Once the Space build finishes, the URL pattern is:

```
https://YOUR_USERNAME-l2-demo.hf.space
```

Verification checklist (do all four):

1. **Index loads.** Open the URL in a browser. You should see the dark-themed page with the three tabs (Drift / Classify / RAG). The Drift tab should render the SVG line chart and the 7-row table within a second.
2. **Healthz.** `curl https://YOUR_USERNAME-l2-demo.hf.space/healthz` → `{"drift_loaded": true, "ok": true}`.
3. **Classify.**
   ```bash
   curl -X POST -H 'Content-Type: application/json' \
        -d '{"text":"remind me to call mom tomorrow"}' \
        https://YOUR_USERNAME-l2-demo.hf.space/classify
   ```
   Expect `{"label": "reminder", "confidence": 0.7..., "latency_ms": <single-digit>}`.
4. **RAG.**
   ```bash
   curl -X POST -H 'Content-Type: application/json' \
        -d '{"query":"Did I mention anything about my sister?"}' \
        https://YOUR_USERNAME-l2-demo.hf.space/rag
   ```
   First call is slow (10–30 s) — it loads the NLI cross-encoder into memory. Expect `contradictions` length ≥ 1 and the answer ending in "appear inconsistent on factual details." Subsequent calls drop to ~2 s.

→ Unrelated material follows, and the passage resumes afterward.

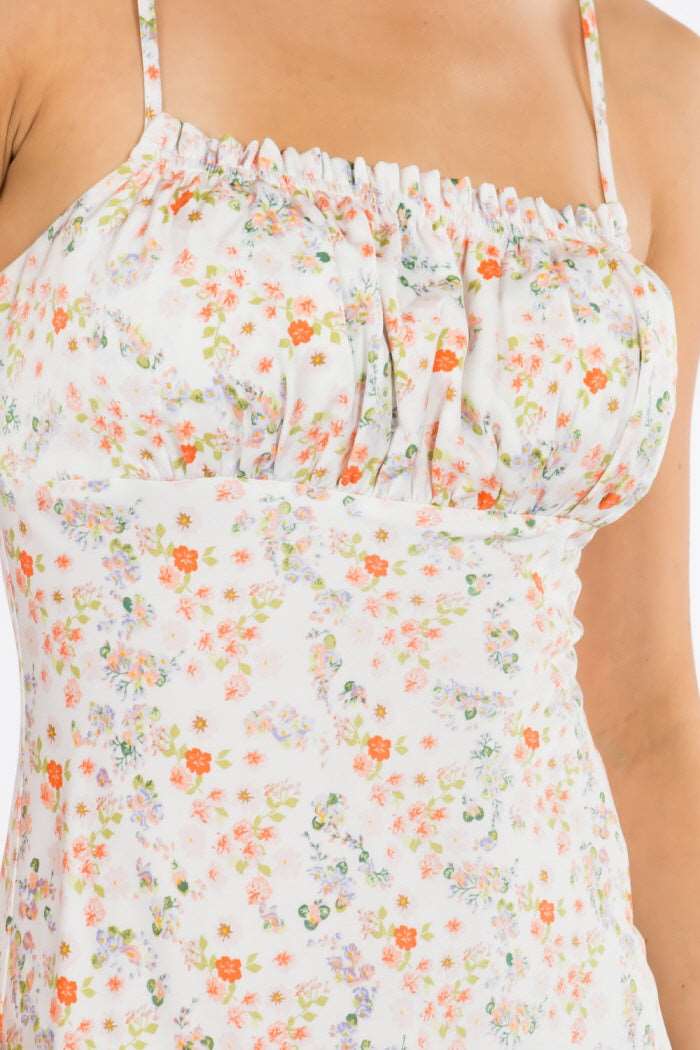 Ditsy Floral Satin Midi Dress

If any of these fail, the Spaces UI has a `Logs` tab — look for the gunicorn output. Common failure modes are listed at the bottom of this file.

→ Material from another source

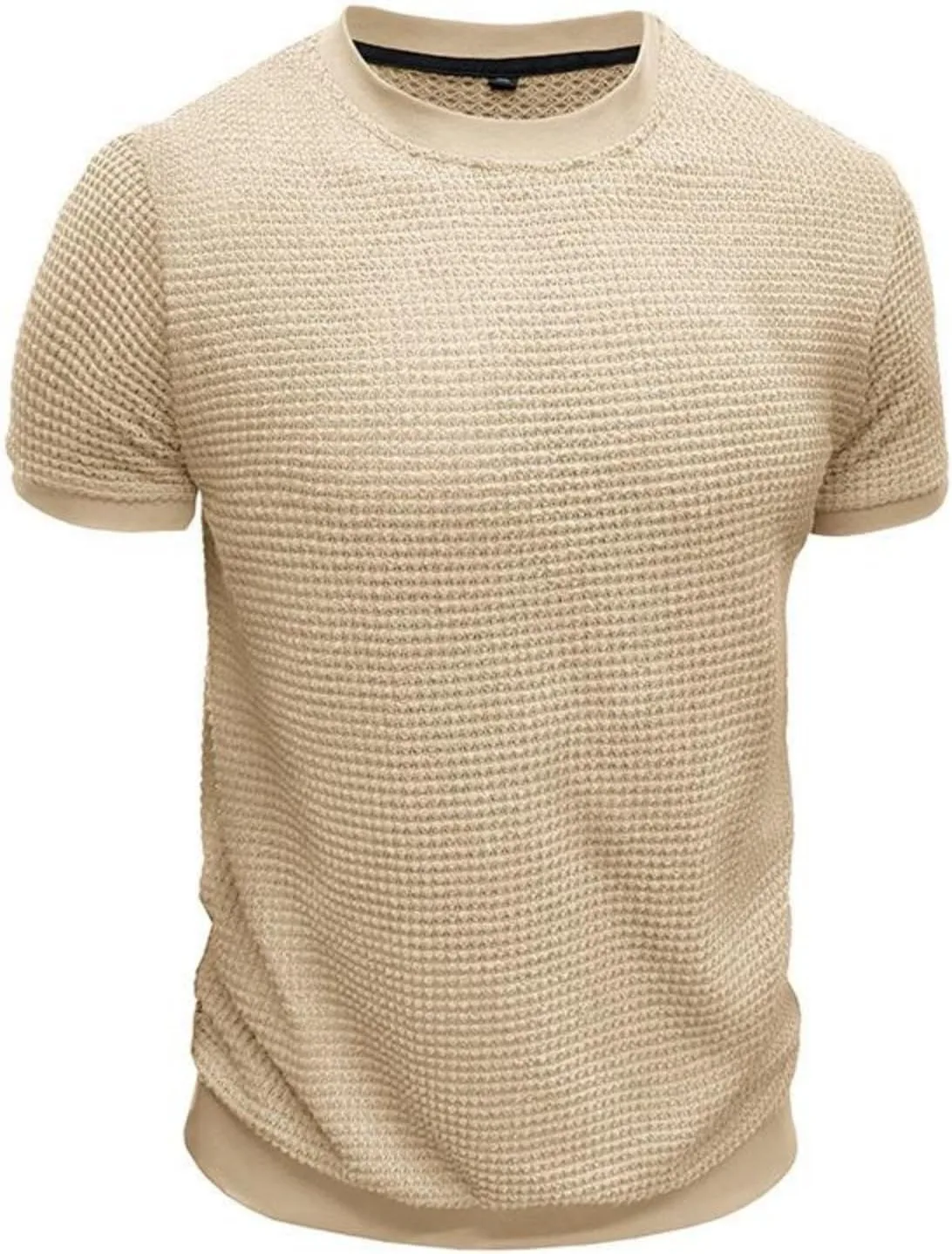 Мужская футболка Waffle Casual с коротким рукавом и свободным кроем — фото 3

## Local Docker test (recommended before pushing)

```bash
docker build -t l2-demo:latest .
docker run --rm -p 5000:5000 l2-demo:latest
# in another shell:
curl http://localhost:5000/healthz
curl -X POST -H 'Content-Type: application/json' \
     -d '{"text":"hey how are you?"}' http://localhost:5000/classify
```

If `/healthz` returns `200` and `/classify` returns a label, the image is good. Stop the container with `Ctrl+C`.

## Common failure modes

| Symptom | Likely cause | Fix |
|---------|--------------|-----|
| Build OOMs on the `pip install torch` step | HF Spaces free tier has a 16 GB build cache cap | The CPU-only wheel (`torch==2.4.1+cpu`) is already pinned. If it still OOMs, drop `torch` to `2.2.x` |
| Container starts but `/rag` hangs forever | `HF_HUB_OFFLINE=1` is set but the model cache didn't copy correctly | Check the builder stage actually downloaded the models: `docker run --rm l2-demo:latest ls /opt/hf-cache` |
| `404` at the Space URL | Build is still running or failed silently | Open the Space's `Logs` tab; rebuild if needed |
| Healthz returns `{"drift_loaded": false}` | `artifacts/part1/drift_timeline.json` wasn't in the COPY | Check `.dockerignore` didn't exclude it |
| Site loads but Drift tab is empty | Browser cached an old 404 | Hard refresh (`Ctrl+F5`) |

## What I would change for production

These are intentionally out of scope for the demo but listed for reference:

- Move the chroma index off the image and into a mounted volume so the image stays small and the index can be regenerated independently.
- Add a `/metrics` endpoint with request count + latency histograms.
- Wrap the NLI cross-encoder load in an explicit eager-load at startup so the first `/rag` call doesn't pay the 10 s tax.
- Replace the Flask dev-server hint with gunicorn-only deployment (already done — Flask only runs if `app.py` is executed directly).